Prompt = Look through the listing below for the line containing "In Congress, July". Copy it and each line after it up to and including the line containing "Toothbrush and Toothpaste", exactly, leaving out pictures.

Provided records =
★ ★ ★ ★ ★ ★ ★

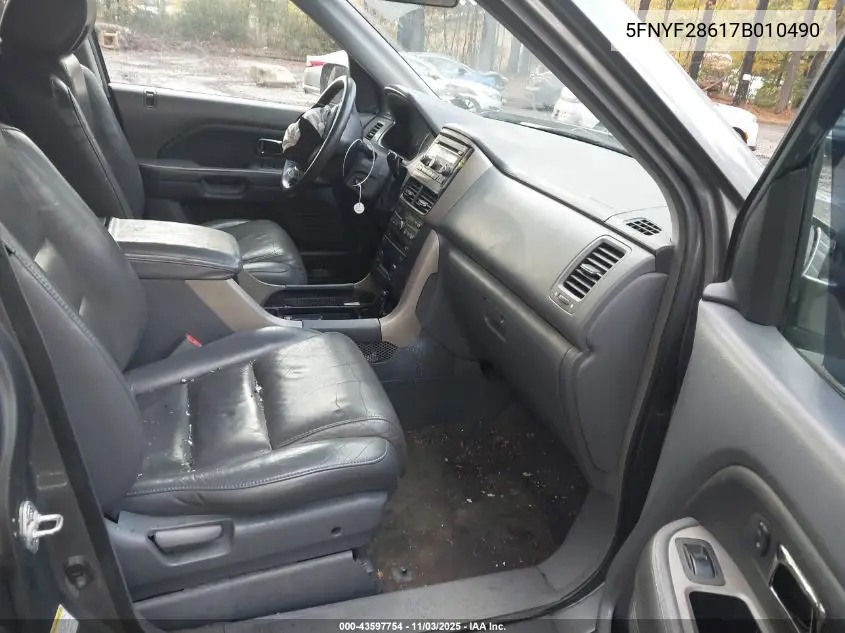 5FNYF28617B010490 2007 Honda Pilot Ex-L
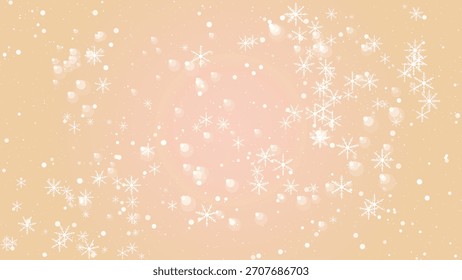 Copos de nieve que caen y efecto bokeh en un fondo suave del gradiente del melocotón y del rosa
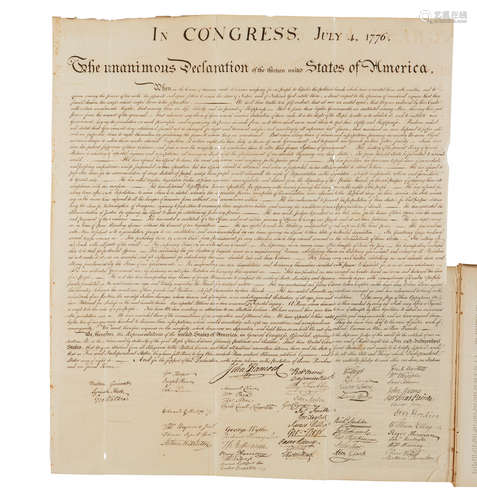 In Congress, July 4, 1776. The Unanimous Declaration of the Thirteen United States of America. When in the Course of Human Events... [Washington, D.C.: engraved by William J. Stone for Peter Force, after 1833.]  DECLARATION OF INDEPENDENCE.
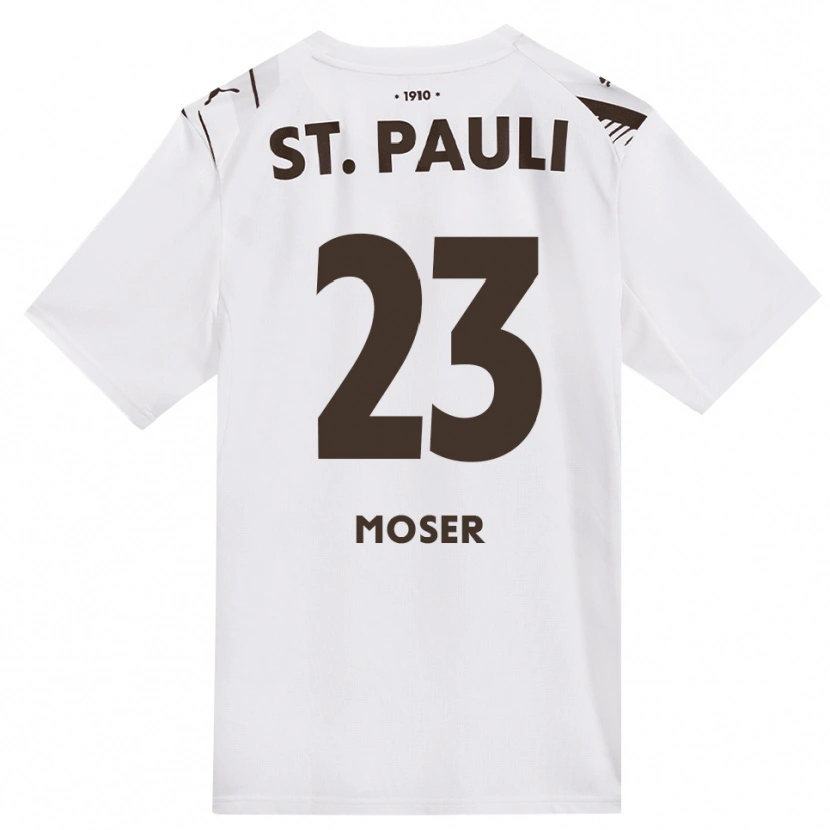 Danxen Donna Maglia Ammon Moser #23 Caffè Bianco Rosso Kit Gara Away 2026/27 Maglietta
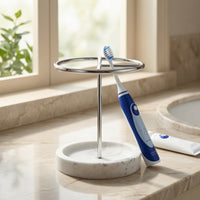 Toothbrush and Toothpaste Holder Waterproof Toothbrush Holder with Resin Base Round Countertop Organizer for Vanity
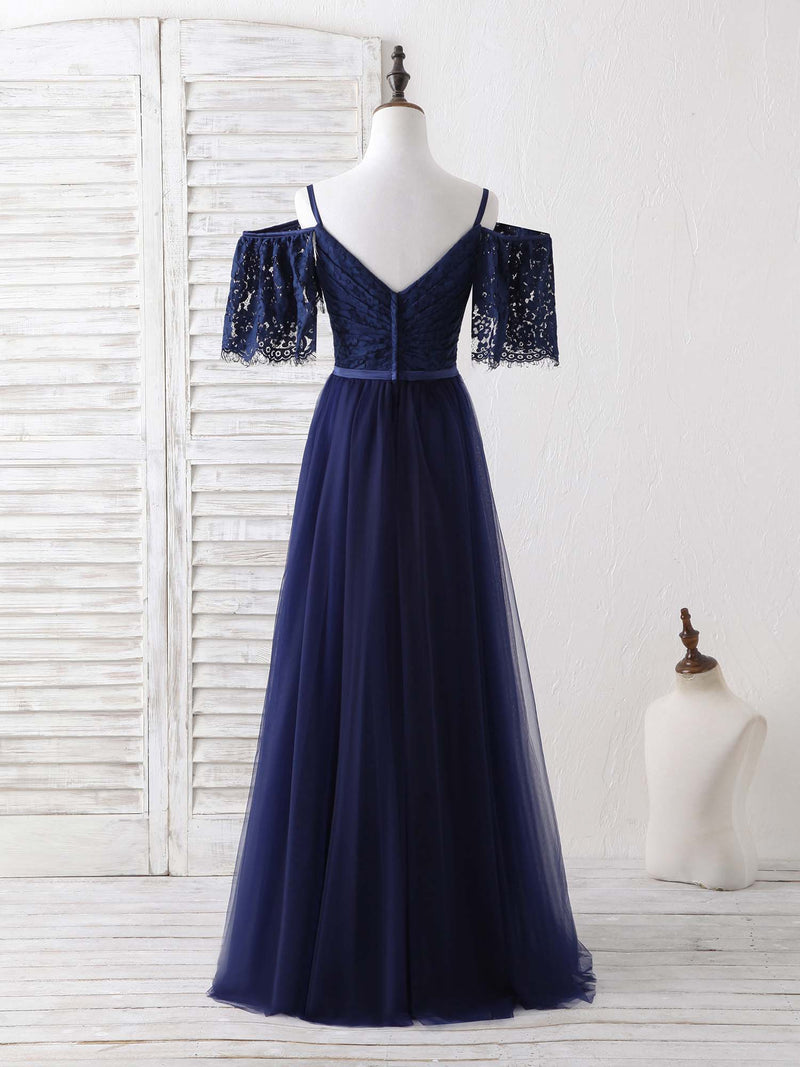 Dark Blue A-Line Lace Tulle Long Prom Dress Blue Evening Dress – shopluu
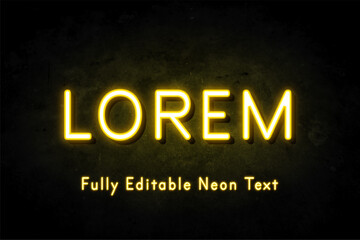 Fully editable neon text in yellow and black background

★ ★ ★ ★ ★ ★ ★

Response area =
 In Congress, July 4, 1776. The Unanimous Declaration of the Thirteen United States of America. When in the Course of Human Events... [Washington, D.C.: engraved by William J. Stone for Peter Force, after 1833.]  DECLARATION OF INDEPENDENCE.
 Danxen Donna Maglia Ammon Moser #23 Caffè Bianco Rosso Kit Gara Away 2026/27 Maglietta
 Toothbrush and Toothpaste Holder Waterproof Toothbrush Holder with Resin Base Round Countertop Organizer for Vanity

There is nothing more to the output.